Stéphane Mallarmé argued that sound is more important than words in poetry. He says that Mallarmé’s poetry is a kind of sonic surrealism. Gustafson was influenced by Mallarmé, but starting around 1960 he began to write about himself.
George challenged us to interpret the poetry of Wallace Stevens.
We looked at Gustafson’s “The Newspaper”. George says it’s inconsistent. The reproduction of the speaker’s consciousness throws us out of the poem. It’s too focused on the speaker. There was lots of discussion about this poem until I finally intervened and declared that Gustafson’s “State of Affairs” deals with the same idea of public complacency much better.
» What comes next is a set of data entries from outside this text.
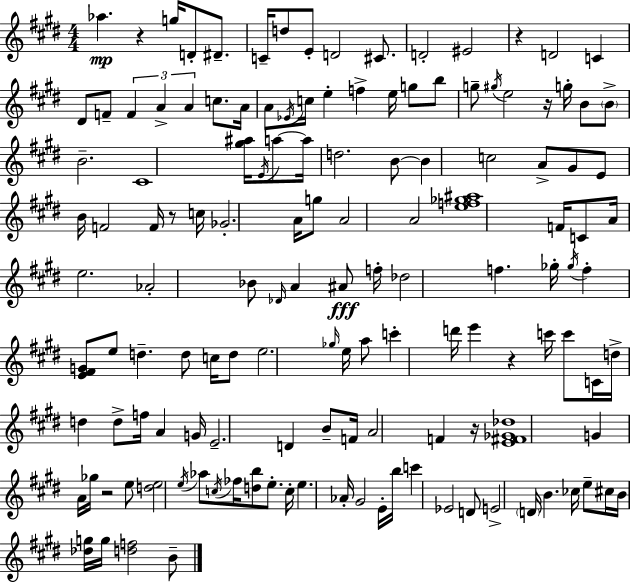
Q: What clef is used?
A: treble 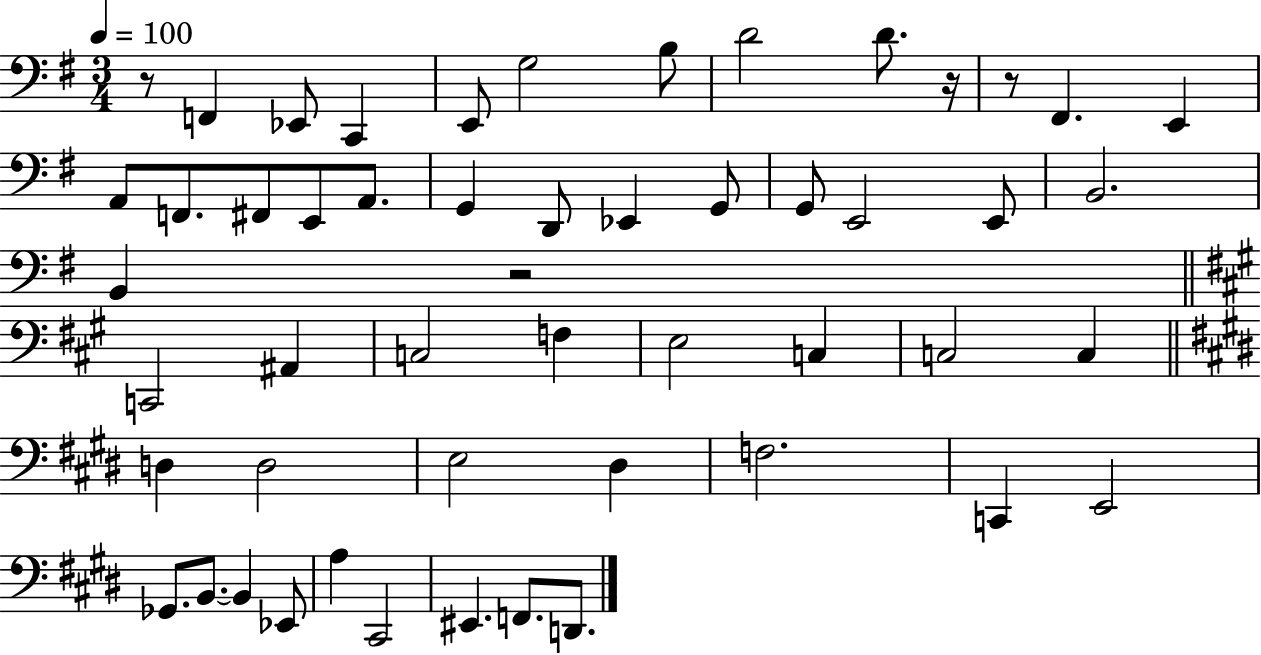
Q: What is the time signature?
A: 3/4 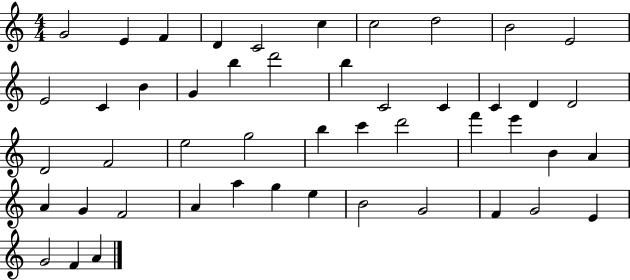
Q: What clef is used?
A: treble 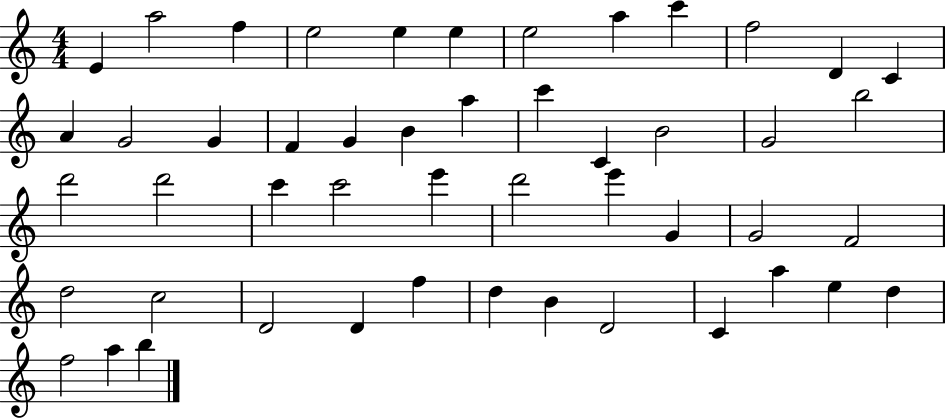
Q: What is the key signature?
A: C major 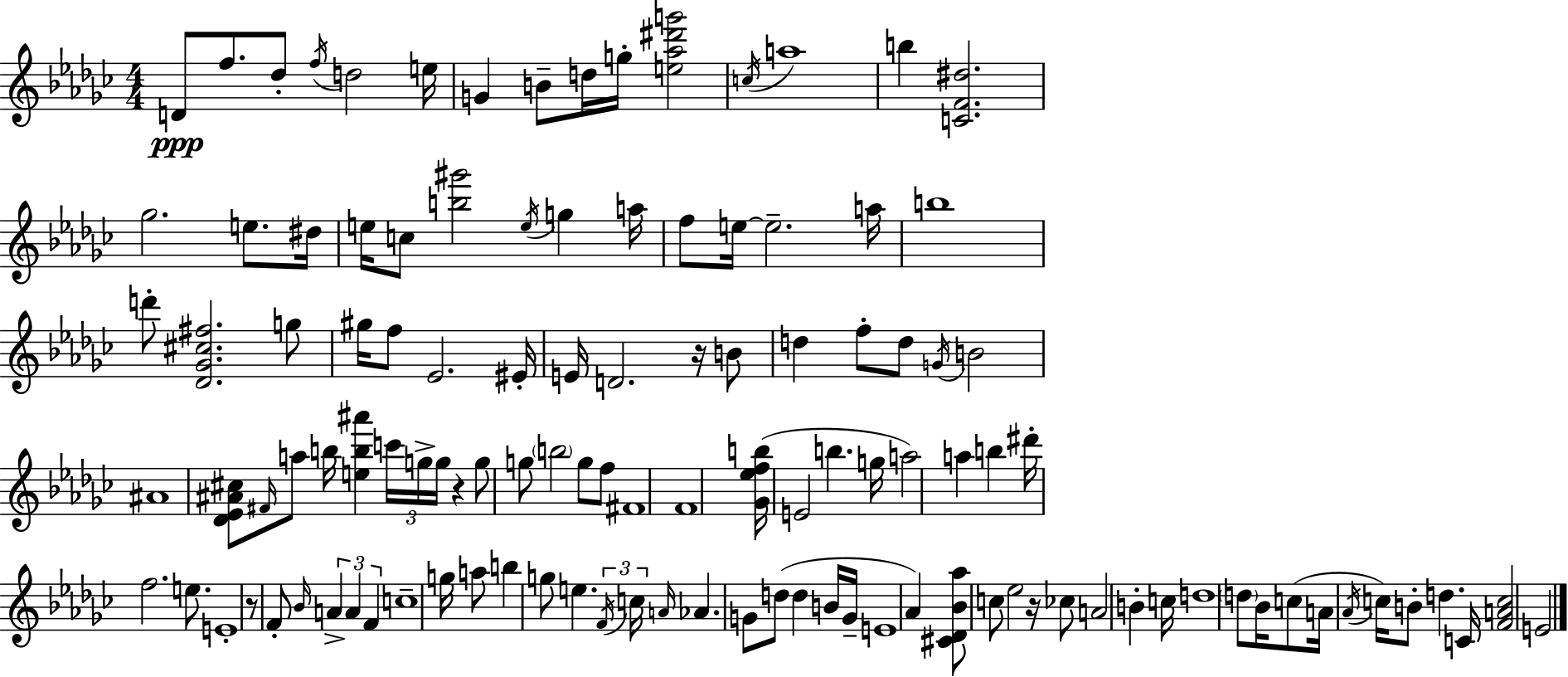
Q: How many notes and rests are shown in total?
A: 116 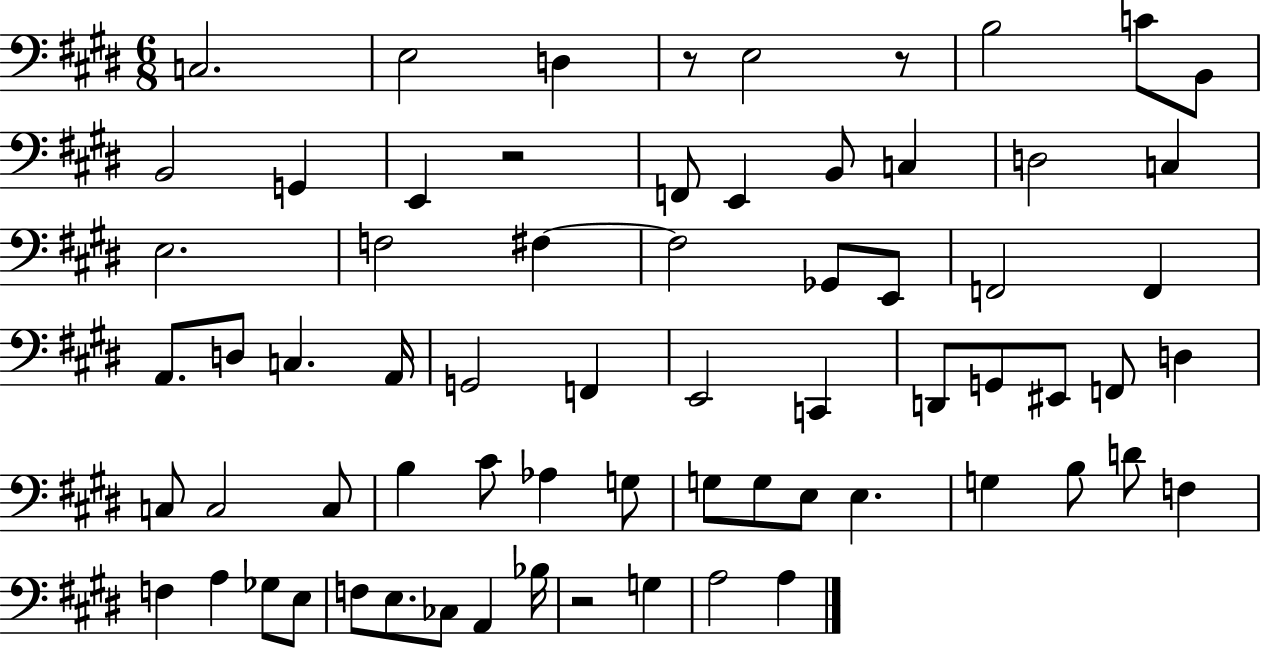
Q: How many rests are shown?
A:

George agreed, because of it’s shock effect it drives the point home much more clearly.
As we got to A. M. Klein, it was clear that we were way behind schedule.
Klein was a multilingual poet from Montreal, which in his day was Canada’s most diverse city. Cosmopolitanism infuses his verse. He was Canada’s first multicultural English poet. He catalogued and deciphered like Dionne Brand or Gwendolyn MacEwen. He was a socialist and he experimented with Joycian playfulness.
A yahrzeit in Jewish tradition is the anniversary of a relative’s death.
The Bel Shem Tov was a mystical rabbi.
Heirlooms are books inherited from the father.
Read the lines the lines of “Heirloom” in connection to the Anglo French rivalry. The poem pushes back against ethnocentrism.
George recommended John Porter’s “The Vertical Mosaic”, which paints a portrait mid-20th Century Canada in terms of wealth and power and the lack of it.
Klein’s poem “Autobiographical”. This poem draws on all the language and energy of Montreal. “The jargoning city …” The audible cinema of the streets of this working class part of Montreal. It’s Keatsian because of its sensuality.
George said the loonie is a sweaty coin and the loon is a psychological viper, so we need a different animal on our dollar coin.
As George was reading parts of the poem out loud and was getting into the rhythm, he suddenly started singing, “When The Saints Go Marching In”. He said, “Music draws us back!” The poem has Beat elements.
Then George shared a “Factoid: By the age of 21, you will have already heard all the music you will be nostalgic for, for the rest of your life.” I think he’s wrong about that one. There are songs that I’ve heard since I turned 21 that I have nostalgia for.
He told us that there is a video on YouTube of Luciano Pavarotti and James Brown singing “It’s A Man’s World” together. “Holy smokes!” He also mentioned being nostalgic for James Brown’s “Lost Someone”.
We finished by looking at Klein’s poem “Sisters”. George commented that crossing cultures is a very Canadian thing to do.
            As we were packing up, I told George that I’d heard an ice cream truck playing “When the Saints Go Marching In” on the way there. He thought that was an interesting coincidence.